О, боже! Как же в первую казанскую зиму меня мучили те жуткие морозы! Что там лыжные кроссы! Кроссы-то случались не каждый день, а вот учебные занятия проводились ежедневно и далеко от казармы. Едва добравшись до аудитории, указанной в расписании занятий, я уже был насквозь проморожен. И во время любых переходов из одного учебного корпуса в другой мои пальцы успевали замерзать так, что писать отказывались, хоть расстреливай! Я отогревал их, зажав между ног, приходя в норму едва ли не через час, но лекторы-то меня не ждали. И в том, что мой конспект иной раз сохранял девственную чистоту, винить тоже следовало те проклятые морозы.
Если я на холоде пребывал особенно долго, а такое случалось во время учебных занятий на местности не раз, то чувствовал себя так, словно надо мной вершился страшный суд!
Мороз меня скрючивал и вдоль, и поперёк! А затем уничтожал по частям и в целом! Из носа тонкой струйкой стекала лишняя влага, по-научному называемая конденсатом! Отмораживались не только пальцы рук, но и пальцы ног, хотя они прятались в портянках и сапогах. И уши иной раз повисали, словно тушки магазинных кальмаров! И кончик носа предательски белел! И щёки частенько становились бескровными! На основании полученного опыта я с тех пор уже не сомневался, будто вечное пребывание в котле с кипящей смолой значительно предпочтительнее однократного промерзания насквозь! В аду, хоть там, говорят, и не сладко, но хотя бы не так холодно!
Скоро я в своих страданиях познал, что отмороженные уши не только болят. И с них не только лоскутами сползает погибшая кожа, но они фантастически разбухают, они тяжелеют, потому с каждым шагом раскачиваются, будто огромные лопухи африканского слона!

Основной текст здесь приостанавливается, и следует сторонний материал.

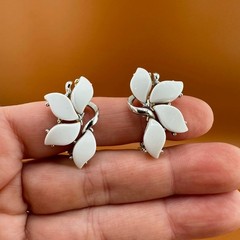 Vintage Thermoset Climber Earrings Silver Tone White Flower Petals Retro Mod
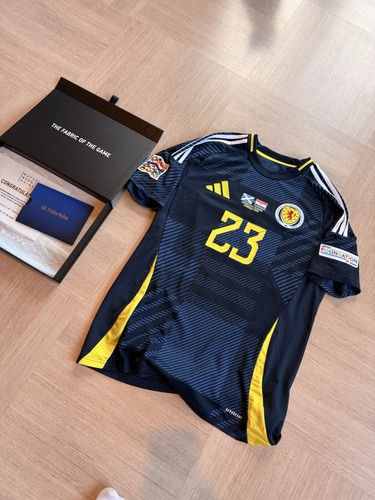 Kenny mclean signed - kenny, match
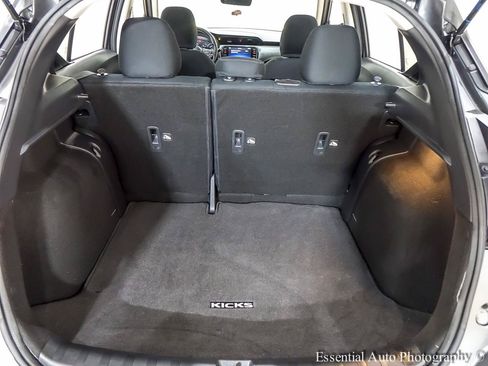 Used 2024 Nissan Kicks SV w/ Interior Electronics Package FWD image 26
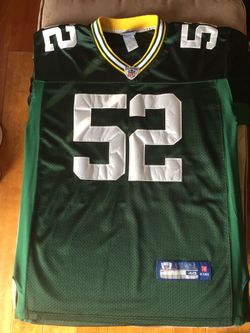 Green Bay Jersey #52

Я и не предполагал, что в отмороженном состоянии уши ощущаются как большие крылья! Их увесистые колебания с каждым шагом передавались моей голове, и потому казалось, будто в спину меня кто-то постоянно подталкивал! Невыносимое ощущение для нормальной нервной системы.
О! Как же в то холодное время я жалел всех замерзающих людей всего мира, даже нещадно битых некогда французов! Всех я жалел – до единого! Плохих и хороших! Их и бить-то не приходилось – они сами собой загибались от убийственного холода! Лично я, проверив это на себе, считаю, что на всей планете трудно найти более несчастного человека, нежели насквозь промёрзший бедняга.

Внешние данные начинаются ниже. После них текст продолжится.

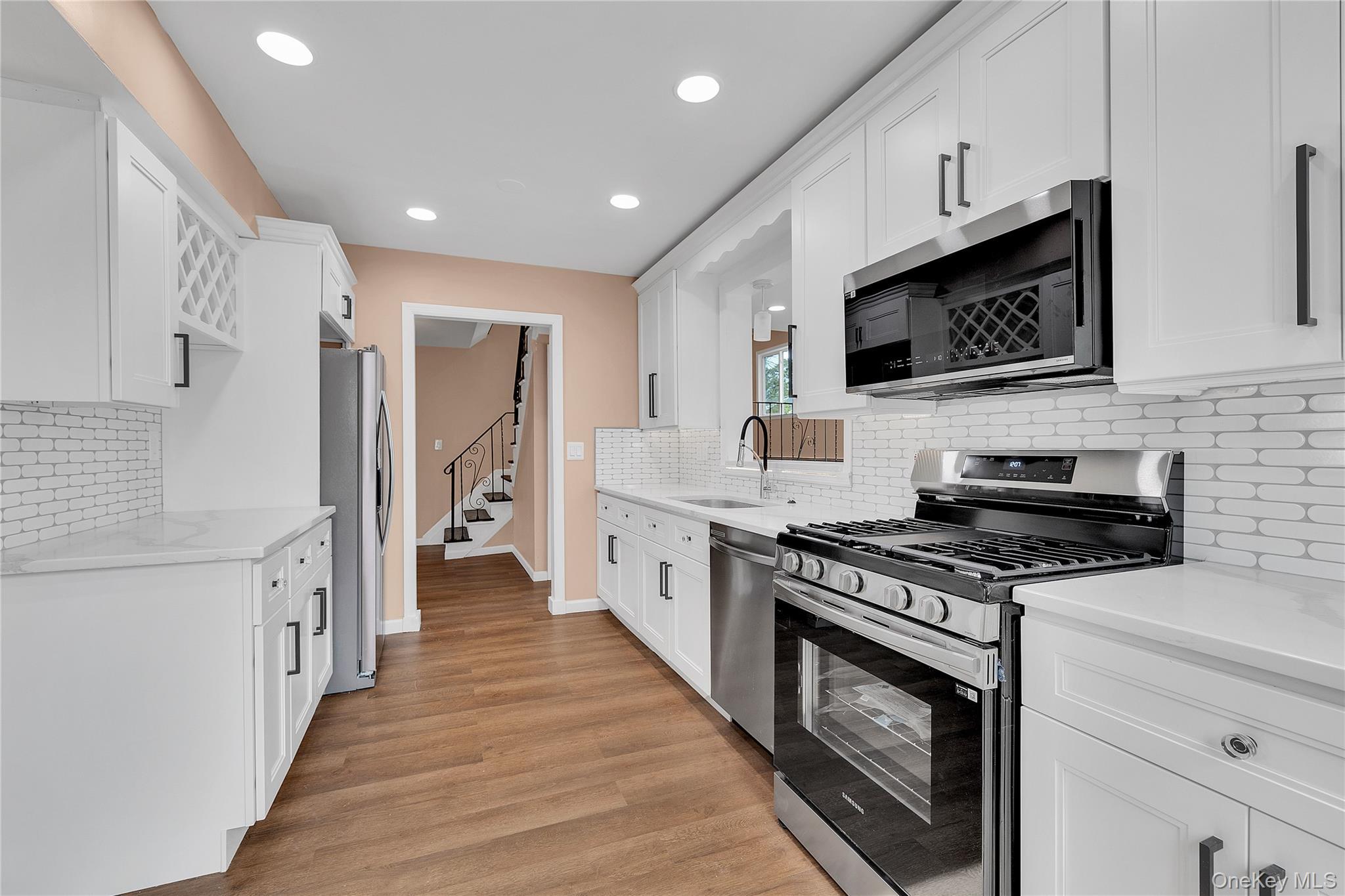 Single Family Tree  Suffolk County, NY 11722, MLS-919371-6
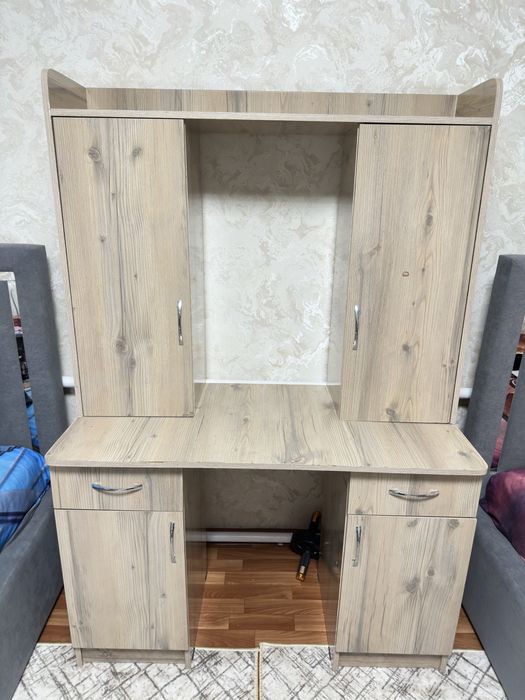 Продам стол со шкафчиками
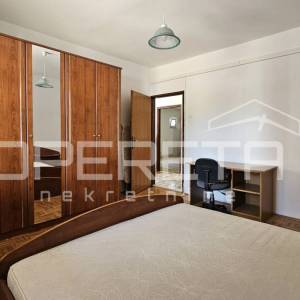 Zadar – Kuća s 2 trosobna stana (100 m²) i podrumom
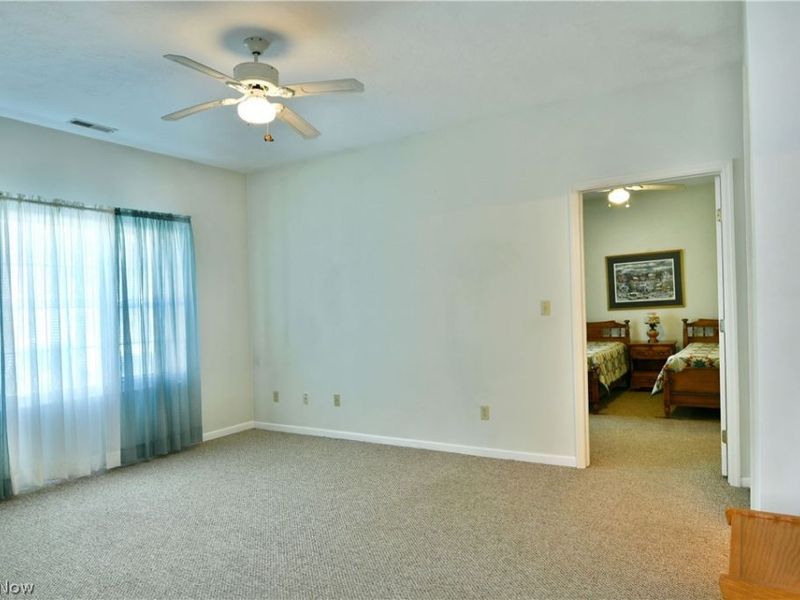 38 Woodland Chase Boulevard, Niles, OH 44446 Photo 31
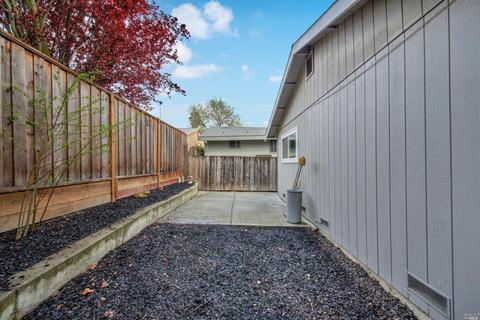1033 Vine Ave, Martinez, CA 94553 photo 37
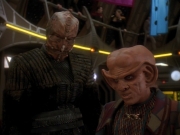 extant_StarTrek_DS9_3x18-DistantVoices_00212.jpg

Но в этом вопросе меня никто не понимал! А я не понимал, почему так происходит?
Впрочем, не то чтобы никто не понимал, но никто не верил. Они все думали, пожалуй, будто мне для себя хотелось каких-то льготных условий. Да и с чего бы они думали иначе, если каждый судил по себе. Если каждый из них с раннего детства привык к холодной зиме. Если каждый считал, будто при каких-то пятнадцати градусах нельзя настолько быстро и основательно окоченеть.
Не находя понимания моих морозостойких товарищей, я никогда не жаловался, и помощи никогда не просил, решив для себя, что погибать молча и в одиночку мне предписано безжалостной судьбой! А на нее не обижаются, да и жаловаться на нее некому!
36
Впрочем, сколько бы ни смеялись над тем, будто я невыносимый «мерзавец», моя проблема не являлась шуточной, как кому-то казалось. Да и не только я, в конце концов, замерзал даже при слабом морозе. Замерзали и другие южане (с Нальчика, с Краснодара, из Одессы, например), но северяне им так же не верили!

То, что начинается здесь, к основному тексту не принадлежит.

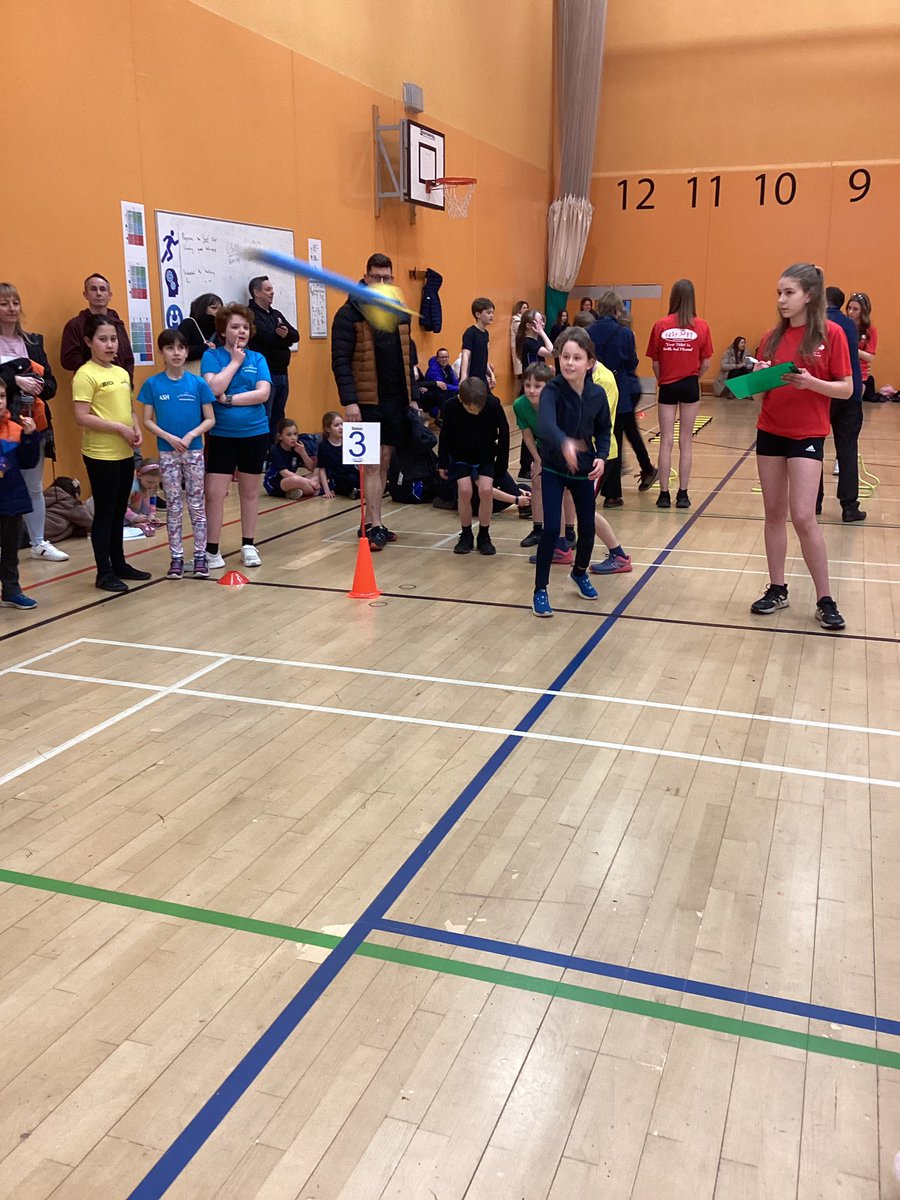 LIVE ACTION from tonight’s Y5/6 Sports Hall Athletics competition. @ThurgolandPS <a href="/SpringvalePS/">🌈Springvale Primary</a>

А ведь мы страдали не из-за того, что будто бы изнежены, а по причине неверных настроек своих южных организмов. Во мне, я точно знаю, какой-то термостат за много лет приспособился к весьма жарким условиям пустыни, где я долго жил, а в Казани условия оказались противоположными. Выходило, что термостат следовало перенастроить по-новому, но быстро это ни в ком из нас не происходит.
Потому организм, считая по привычке, будто я продолжаю находиться в жарком климате, слишком малую часть своей энергии превращал в тепло. В пустыне этого хватило бы с лихвой, но только не в Казани! Только не лютой зимой.
По такой простой причине моя кровь, недостаточно подогретая для местного холода, обделяла теплом леденеющие ноги, руки, уши, нос и открытую кожу. А уже загустевшая на холоде эта самая кровь, как главный переносчик тепла в организме, возвращалась к сердцу более охлаждённой, нежели это допускалось. Потому и внутренние органы от неё еще сильнее не добирали тепла. И все химические и биологические реакции, определяющие моё существование, резко тормозились. В свою очередь в организме спасительного тепла вырабатывалось ещё меньше, и температура тела снижалась ещё сильнее. И так далее, вплоть до полного остывания, когда моя температура сравнялась бы с окружающей! И большое счастье для меня, что этого не случилось!
Ох! Совсем ведь не напрасно врачи считают температуру тела критерием здоровья! И не шутки ради придумали градусники, которые, чуть что, суют подмышку! Измерили температуру тела – и сразу всё им ясно! Температура повышенная, значит, чем-то человек болен! Значит, человек не в порядке, и требовать с него чересчур много непозволительно. Он же не в себе!
Ну, хорошо! Это всем известно! А если температура не повышенная, а как раз напротив – чрезвычайно низкая, тогда что?
Из моего опыта выходило, что такое состояние организма всей медицине совершенно безразлично! И впрямь! На пониженную температуру врачи вообще не реагировали, считая это несколько необычной, но всё же нормой. Даже очень соблазнительной нормой. Будто бы даже некоторым запасом температуры до появления заболевания. Мне это казалось бредовым объяснением, но…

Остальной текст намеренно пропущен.